人型AIロボット「エイダ」が描いた絵が、なんと130万ドルで落札されたらしい
今日、何気にニュースを見ていたら、人型AIロボットが描いた絵が、なんと130万ドルという値で落札されたというトピックが→BBCニュース。
私は少し前に、苅部太郎氏の写真集「あの海に見える岩を、弓で射よ」を購入してAIを使ったアートに感銘を受けていたところ。苅部氏はわざとAIにバグらせる手法で写真を驚くような芸術に昇華させている→苅部氏のHP。

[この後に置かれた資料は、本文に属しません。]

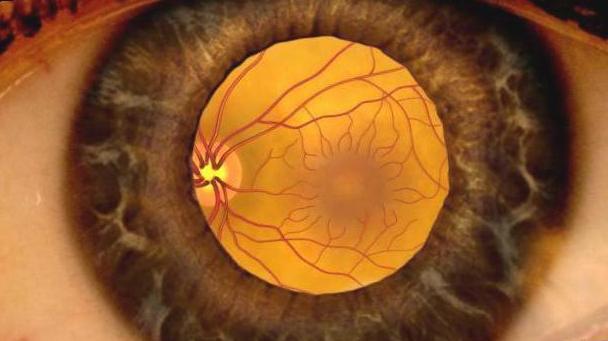 Гипертоническая ангиопатия обоих глаз лечение thumbnail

苅部氏のは、コンピュータ内部で処理したものを画像として出力したものだけど、今回の130万ドルの絵は、どうやらロボット「エイダ」が直に描いたもののようなのである。
エイダが描いたのは、数学者アラン・チューリング氏の肖像画。データとしてチューリング氏の画像を持っているはずなので、写実的に再現することもできたと思うのだけど、あえて崩してアーテスティックに仕上げられている。

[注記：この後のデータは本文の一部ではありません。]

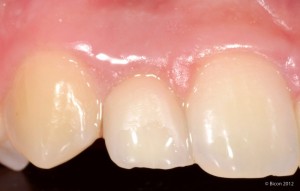 Single Tooth Implant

人間によるなんらかの指示(インプット)に従ってエイダがこれを描いたのだとしたら、苅部氏のように、AIにつくらせた、人間による創作物ということになる。それだと、ただの作業ロボットに過ぎない。記事には詳しくは述べられていないが、今回の作品はエイダ自身による創造物のように見受けられる。そうでないと、これほどの値は付かないのではないか。
もしも、エイダ自らのセンスでこれを描いたとしたら、すごい。芸術とはどんなものか、エイダ自身が「理解」していることになる。正しくは、過去のあらゆる絵画を解析して「芸術」を学び、自ら創造したということだ。
写真の技術や感性は、多くの優れた写真集(あるいはテキスト)を見ることで上達するというけれど、AIにリアルタイムで取り込まれる圧倒的な情報量とその写真の要素の解析力は人間は到底かなわない。AIは「作業」のプロフェッショナルだと思い込んできたけれど、「創造」の分野にまでその能力が広がっていくと、ヒトって何をしたらいいのだろうと心細くなってしまう。
写真は、GFX100でスナップ撮影した、長崎市にある光永寺。中島川を散歩していて見つけた風景なのだけど、開発によって(悪くいえばどこにでもある都市へと)変わっていく長崎のなかで、まだこういう景色が保存されているのを見るとほっとする。